Look how God responded to Moses’ actions.  Yes, the people got water, but look at verse 12:

“And the Lord said to Moses and Aaron, ‘Because you did not believe in Me, to uphold Me as holy in the eyes of the people of Israel, therefore you shall not bring this assembly into the land that I have given them.’  These are the waters of Meribah, where the people of Israel quarreled with the Lord, and through them He showed Himself holy.”

Their disobedience was not without consequence.  Because they tried to do it on their own, Moses and Aaron were kept from entering the Promised Land.  Yes, the people got water.  Yes, Moses and Aaron got punished.  Most importantly, God used this event to show that He is holy.  He made sure that He – not Moses – received the glory.

Why do I use this story to illustrate how I feel like Moses?  Because my actions seem to mirror his.  When we started our first Sports Friends team in Kimasala, we bathed our efforts in prayer.  We prayed for a coach; we prayed for kids; we prayed for the ministry.  And we saw God do amazing things.

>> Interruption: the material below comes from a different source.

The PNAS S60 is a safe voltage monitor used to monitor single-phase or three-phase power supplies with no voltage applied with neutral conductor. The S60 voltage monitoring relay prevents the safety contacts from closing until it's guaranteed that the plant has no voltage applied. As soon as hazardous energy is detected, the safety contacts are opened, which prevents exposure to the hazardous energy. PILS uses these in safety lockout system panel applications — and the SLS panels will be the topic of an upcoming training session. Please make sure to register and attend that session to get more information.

Now, three-plus months later, we are looking at starting another three teams.  Yes, we have prayed about it, but with a level of prideful confidence.  I “know” what works in getting a team started.  I’ve seen it work before.  So I’ve tried to replicate those steps with these new teams.  I’ve tried to do it the way I think God wants it to be done, but I’ve assumed God wants to do it the same way.  The thing is, I’m trying to rely upon my own efforts rather than God’s actions.

And what has been the result of my efforts?

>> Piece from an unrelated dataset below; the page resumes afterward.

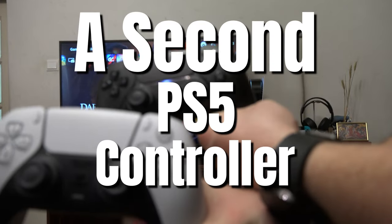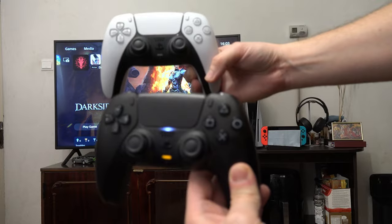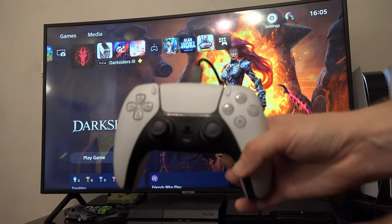The easiest way to connect a second PS5 controller to a PS5 is to connect it just like the first one — connect it with a cable and press the PlayStation button.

Failure upon failure.  Frustration upon frustration.  The first team started in less than two weeks; we have not seen a new team form in almost two months of trying to get one started.  Not only that, the coach of the first team recently moved away, leaving us with no active teams at all right now.  We’ve been working at this ministry for months now, and we have nothing to show for it.

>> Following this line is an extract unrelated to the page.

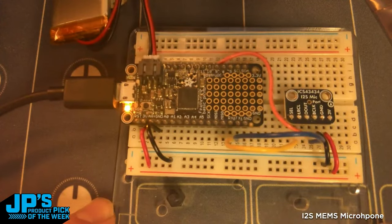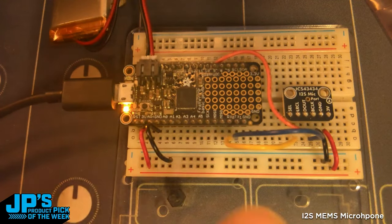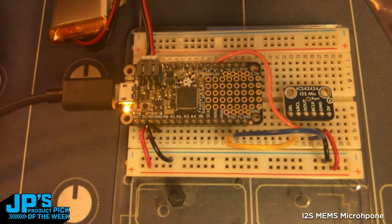I2S MEMS microphone breakout — it is the ICS43434. You can see I've got I2S lines, power and ground, and the feather connected here. I'm running it over USB, and that's because we want to see the serial output.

Because, despite trying to say otherwise, I’ve been seeking the glory that only belongs to God.

As with Moses, God has put a big task before me and called me to lead under His guidance.  Like Moses, I have seen God do amazing things.  And like Moses, I try to take things into my own hands and rob God of the glory due His name.

Hopefully this time I actually learn the lesson and rely upon Him.

12 June 2012

From Football to False Prophets - a Conversation


“So, what are you doing here?” asked the young man I was driving from Kimasala to town.

An appropriate question to consider a year and a half after moving to Zambia.  My response would have been different a year ago, 9 months ago, even 6 months ago.  Much has changed in our plans and in our ministry.  So, I answered him according to the most recent development.

“We are working with local churches to establish sports ministries.  I help to train sports ministers from the church to start teams with the children in the community, build relationships with the kids, and then share Christ with them.”  I probably wasn’t so eloquent, but it was along those lines.

As I drove down the pot-holed road to town, we started talking about the churches in Zambia.  I explained that we had planned to join a local church when we arrived, but found a great need for a church among the non-Zambian community, many of whom do not leave their secluded, fenced, and guarded golf estate on the edge of town.  My passenger seemed intrigued by this and asked a few questions before dropping an unexpected one.

“Are you a Christian?”

My first reaction was to say, “Uh, duh.”  But, I’ve learned to be a bit more polite than that, so I answered with a respectful, “Yes.”

“I mean, are you born again?” he asked.

“Yes, sir.  We wouldn’t be here if we weren’t.”

And this is where it started to get interesting.  This young man – a teacher at a local school – began to tell me that church leaders need to be more powerful, and that churches will continue to fail unless the leaders start doing miracles.  He went on to tell me that performing miracles is a sign of a true believer.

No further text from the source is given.